Exercise brief:
Please look for the string "Notebook" below and report every line in which it occurs.

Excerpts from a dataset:
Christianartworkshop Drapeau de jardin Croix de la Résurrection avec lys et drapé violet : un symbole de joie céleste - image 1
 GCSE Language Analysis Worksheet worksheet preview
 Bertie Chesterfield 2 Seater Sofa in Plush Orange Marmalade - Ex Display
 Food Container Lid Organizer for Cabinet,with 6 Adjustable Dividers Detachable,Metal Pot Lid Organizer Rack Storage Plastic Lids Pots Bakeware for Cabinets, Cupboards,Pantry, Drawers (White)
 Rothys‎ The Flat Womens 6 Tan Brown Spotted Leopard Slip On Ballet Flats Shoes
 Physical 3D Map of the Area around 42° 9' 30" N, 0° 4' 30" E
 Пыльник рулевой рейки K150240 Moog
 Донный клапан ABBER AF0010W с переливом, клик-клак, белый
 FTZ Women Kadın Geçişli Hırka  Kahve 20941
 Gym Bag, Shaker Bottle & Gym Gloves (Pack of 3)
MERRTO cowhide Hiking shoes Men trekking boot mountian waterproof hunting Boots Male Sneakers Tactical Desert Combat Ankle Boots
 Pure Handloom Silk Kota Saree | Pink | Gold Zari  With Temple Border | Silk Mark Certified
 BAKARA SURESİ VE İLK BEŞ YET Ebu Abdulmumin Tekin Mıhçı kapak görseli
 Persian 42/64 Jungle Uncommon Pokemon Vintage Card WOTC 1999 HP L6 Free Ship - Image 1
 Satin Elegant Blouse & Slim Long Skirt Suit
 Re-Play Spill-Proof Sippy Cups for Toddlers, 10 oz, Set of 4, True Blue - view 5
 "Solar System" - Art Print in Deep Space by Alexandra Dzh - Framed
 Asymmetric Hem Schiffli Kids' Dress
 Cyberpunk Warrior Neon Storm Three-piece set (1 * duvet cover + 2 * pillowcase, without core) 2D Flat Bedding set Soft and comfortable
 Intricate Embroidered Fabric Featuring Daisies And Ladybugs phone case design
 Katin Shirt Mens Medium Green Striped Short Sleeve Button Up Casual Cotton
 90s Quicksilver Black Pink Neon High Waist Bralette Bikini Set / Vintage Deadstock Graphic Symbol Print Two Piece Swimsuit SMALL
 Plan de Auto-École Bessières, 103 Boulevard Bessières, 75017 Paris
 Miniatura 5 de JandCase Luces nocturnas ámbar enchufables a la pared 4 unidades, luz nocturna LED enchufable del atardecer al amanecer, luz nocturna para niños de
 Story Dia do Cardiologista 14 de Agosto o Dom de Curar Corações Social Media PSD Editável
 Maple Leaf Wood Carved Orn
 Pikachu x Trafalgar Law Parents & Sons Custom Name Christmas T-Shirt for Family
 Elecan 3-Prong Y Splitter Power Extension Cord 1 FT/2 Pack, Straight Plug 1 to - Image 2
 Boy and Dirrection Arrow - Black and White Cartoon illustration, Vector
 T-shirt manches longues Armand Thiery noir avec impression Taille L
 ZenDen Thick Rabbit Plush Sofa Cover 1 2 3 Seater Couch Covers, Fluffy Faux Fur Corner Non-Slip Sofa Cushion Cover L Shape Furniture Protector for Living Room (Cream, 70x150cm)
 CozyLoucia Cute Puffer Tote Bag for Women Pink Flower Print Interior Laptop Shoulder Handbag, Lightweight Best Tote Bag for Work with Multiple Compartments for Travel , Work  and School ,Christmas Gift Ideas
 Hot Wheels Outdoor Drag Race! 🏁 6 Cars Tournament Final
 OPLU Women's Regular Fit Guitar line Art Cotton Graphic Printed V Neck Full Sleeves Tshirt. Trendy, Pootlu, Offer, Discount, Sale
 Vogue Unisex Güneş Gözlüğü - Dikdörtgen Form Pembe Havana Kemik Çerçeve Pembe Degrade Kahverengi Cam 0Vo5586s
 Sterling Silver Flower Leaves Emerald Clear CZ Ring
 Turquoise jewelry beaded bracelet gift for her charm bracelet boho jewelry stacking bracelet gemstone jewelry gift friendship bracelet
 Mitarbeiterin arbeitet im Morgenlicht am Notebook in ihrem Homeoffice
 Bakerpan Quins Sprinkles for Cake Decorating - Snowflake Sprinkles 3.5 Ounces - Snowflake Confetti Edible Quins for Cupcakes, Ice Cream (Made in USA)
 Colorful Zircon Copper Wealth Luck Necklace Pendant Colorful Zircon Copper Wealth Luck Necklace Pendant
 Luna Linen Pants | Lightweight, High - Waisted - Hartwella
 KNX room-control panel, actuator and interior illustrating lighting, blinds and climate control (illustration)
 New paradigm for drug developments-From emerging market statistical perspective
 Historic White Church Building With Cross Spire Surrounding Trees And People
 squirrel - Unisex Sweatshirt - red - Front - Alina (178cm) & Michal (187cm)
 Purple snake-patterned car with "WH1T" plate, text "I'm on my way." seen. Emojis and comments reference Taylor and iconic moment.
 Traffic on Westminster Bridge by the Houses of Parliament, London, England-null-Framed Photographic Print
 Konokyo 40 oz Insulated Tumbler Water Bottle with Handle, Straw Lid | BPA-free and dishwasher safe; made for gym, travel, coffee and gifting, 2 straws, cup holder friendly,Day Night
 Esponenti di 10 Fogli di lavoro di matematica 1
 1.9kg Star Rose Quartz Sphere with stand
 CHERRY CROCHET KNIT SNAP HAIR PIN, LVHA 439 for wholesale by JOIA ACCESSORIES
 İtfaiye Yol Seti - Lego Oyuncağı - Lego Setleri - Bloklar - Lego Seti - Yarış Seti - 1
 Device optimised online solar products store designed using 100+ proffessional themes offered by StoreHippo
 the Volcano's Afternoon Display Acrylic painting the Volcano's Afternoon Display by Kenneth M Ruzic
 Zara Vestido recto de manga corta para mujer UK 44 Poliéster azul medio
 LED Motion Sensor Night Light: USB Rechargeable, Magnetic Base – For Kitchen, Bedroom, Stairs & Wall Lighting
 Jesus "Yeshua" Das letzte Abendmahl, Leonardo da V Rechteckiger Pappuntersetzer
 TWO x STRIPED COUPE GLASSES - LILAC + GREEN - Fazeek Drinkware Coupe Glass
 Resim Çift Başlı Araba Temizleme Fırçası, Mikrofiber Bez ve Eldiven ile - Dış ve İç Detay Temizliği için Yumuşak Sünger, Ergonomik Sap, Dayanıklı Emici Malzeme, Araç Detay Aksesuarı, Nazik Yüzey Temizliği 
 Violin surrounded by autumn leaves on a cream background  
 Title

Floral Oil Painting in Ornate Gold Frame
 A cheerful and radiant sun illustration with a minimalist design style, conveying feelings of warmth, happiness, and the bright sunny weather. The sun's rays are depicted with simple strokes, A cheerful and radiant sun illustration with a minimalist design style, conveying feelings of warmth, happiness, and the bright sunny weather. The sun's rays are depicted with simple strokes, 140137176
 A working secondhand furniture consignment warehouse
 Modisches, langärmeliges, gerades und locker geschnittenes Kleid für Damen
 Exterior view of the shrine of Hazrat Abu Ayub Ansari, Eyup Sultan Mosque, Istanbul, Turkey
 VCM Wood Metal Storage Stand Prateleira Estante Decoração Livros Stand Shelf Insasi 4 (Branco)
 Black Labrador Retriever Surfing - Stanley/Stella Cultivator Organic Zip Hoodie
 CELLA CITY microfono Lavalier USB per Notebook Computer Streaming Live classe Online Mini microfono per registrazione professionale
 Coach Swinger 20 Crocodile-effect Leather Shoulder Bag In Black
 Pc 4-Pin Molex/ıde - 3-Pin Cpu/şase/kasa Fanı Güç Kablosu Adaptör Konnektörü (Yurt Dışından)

Answer to this problem:
 Mitarbeiterin arbeitet im Morgenlicht am Notebook in ihrem Homeoffice
 CELLA CITY microfono Lavalier USB per Notebook Computer Streaming Live classe Online Mini microfono per registrazione professionale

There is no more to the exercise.